For the biological treatment of industrial wastewater containing high concentration of phenol, isolation and characterization of phenol - degrading bacterium were carried out. A bacterial strain P2 capable of degrading phenol was isolated from contaminated soils by enrichment culture technique and identified as the genus Rhodococcus by morphological, cultural, biochemical characteristics, and Biolog system. The optimal medium composition and cultural conditions for the growth and degradation of phenol by Rhodococcus sp.
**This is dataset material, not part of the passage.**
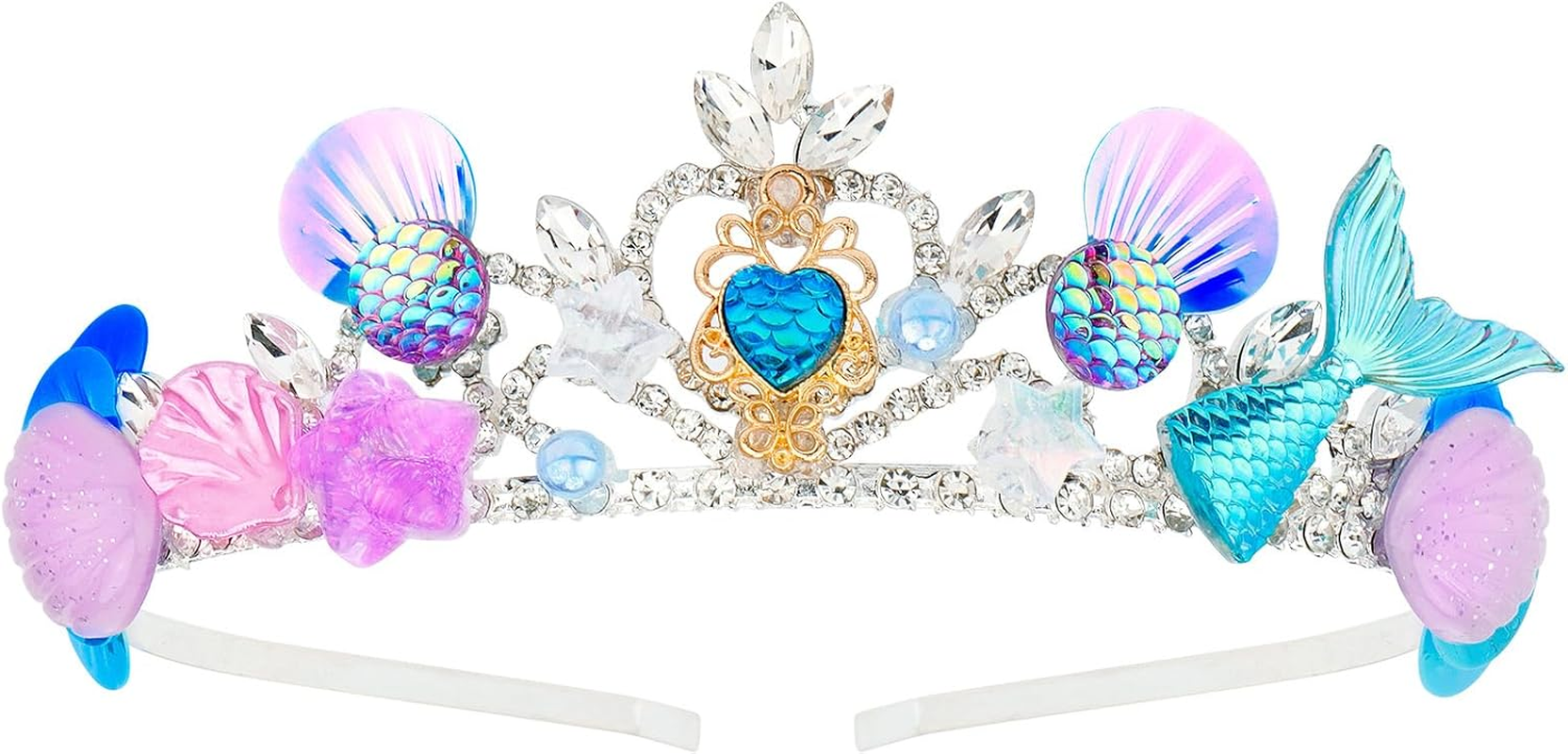 Mermaid Crown for Girls Mermaid Headband for Little Mermaid Party Decorations Ariel Birthday Party Supplies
P2 were 0.1% of (NH$_4$)$_2$SO$_4$, 0.2% of KH$_2$PO$_4$, 0.25% of Na$_2$HPO$_4$ㆍ12$H_2O$, 0.2% of MgSO$_4$ㆍ7$H_2O$, and 0.008% of CaC1$_2$ㆍ2$H_2O$ along with initial pH 8.5 at 3$0^{\circ}C$. Rhodococcus sp. P2 could grow with phenol as the sole carbon source up to 1,800 ppm in batch cultures, but did not grow in medium containing above 2,000 ppm of phenol. When 800 ppm phenol was given in the optimal media, Rhodococcus sp. P2 completely degraded it within 24 h. Meanwhile, 1,800 ppm of phenol was degraded within 9 days. Rhodococcus sp. P2 could utilize toluene, n-hexane, xylene and benzene as sole carbon source .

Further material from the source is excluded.